I know that I can adapt my query to contain documents_statuses and statuses:

$documents = $this->Documents->contain(['DocumentsStatuses', 'Statuses'])->find();

But I don't know how to loop through the records in documents_statuses in this query and do the ->orderDesc->limit(1) to get the most recent record. Furthermore I also know that to obtain the statuses.name I would need to get this query to join the documents_statuses.status_id and statuses.id to return statuses.name (e.g. "uploaded", "review requested" etc).

The application has been bake'd and the models associations are defined correctly.
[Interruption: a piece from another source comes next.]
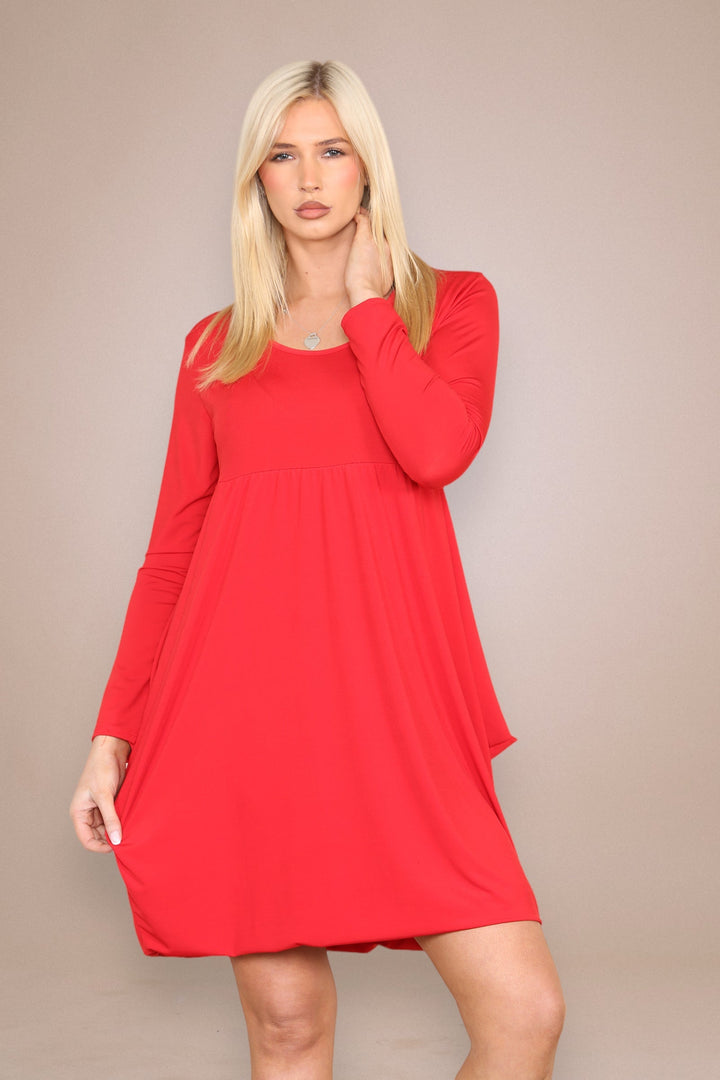 KM Plain Magic Dress - jqwholesale.com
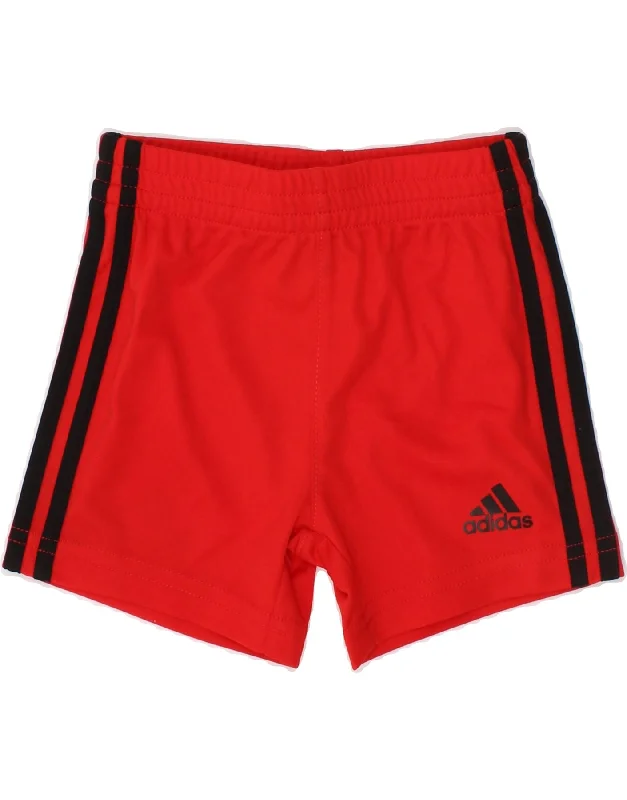 ADIDAS Baby Boys Sport Shorts 3-6 Months Red Polyester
Might something equivalent be described in the CakePHP docs?

Edit - Raw SQL

The following SQL is equivalent to what I'm trying to write using the ORM. The problem isn't particularly understanding the SQL involved, it's writing it using CakePHP's ORM syntax. Equally, if there is a "better" way to write this query I'm interested but the purpose of this question is how to make this work using CakePHP's ORM.

SELECT 
    documents.name, 
    documents_statuses.created, 
    statuses.name 
FROM documents
LEFT JOIN
    (SELECT documents_id, MAX(created) AS created
        FROM documents_statuses
        GROUP BY documents_id
    ) recent_statuses
ON documents.id = recent_statuses.documents_id
LEFT JOIN documents_statuses
ON documents.id = documents_statuses.documents_id AND recent_statuses.created = documents_statuses.created
LEFT JOIN statuses
ON documents_statuses.status_id = statuses.id
2

There are 2 answers

0
hitesh shah On
$documents = $this->Documents->contain(['DocumentsStatuses'=>function(Query $q){ return $q->contain(['Statuses'])->orderDesc->limit(1);}])->find();

book.cakephp.org

3
Rick James On

It can be done with a slightly complex JOIN; see the [groupwise-max] tag or my Groupwise-Max

Alternatively, you could use a different schema pattern:

  • Current -- this always has the latest 'status' (plus other info). There would be one row per document.
  • History -- essentially as you have it now. But this is not looked at to find the "current status". This table has many rows per document.

Your code would need to INSERT INTO History and UPDATE Current to update the status. (Actually the Update could be a IODKU if you need to Insert when the row does not exist yet.)

The query in question would be simply SELECT ... FROM Current ... -- no Join needed.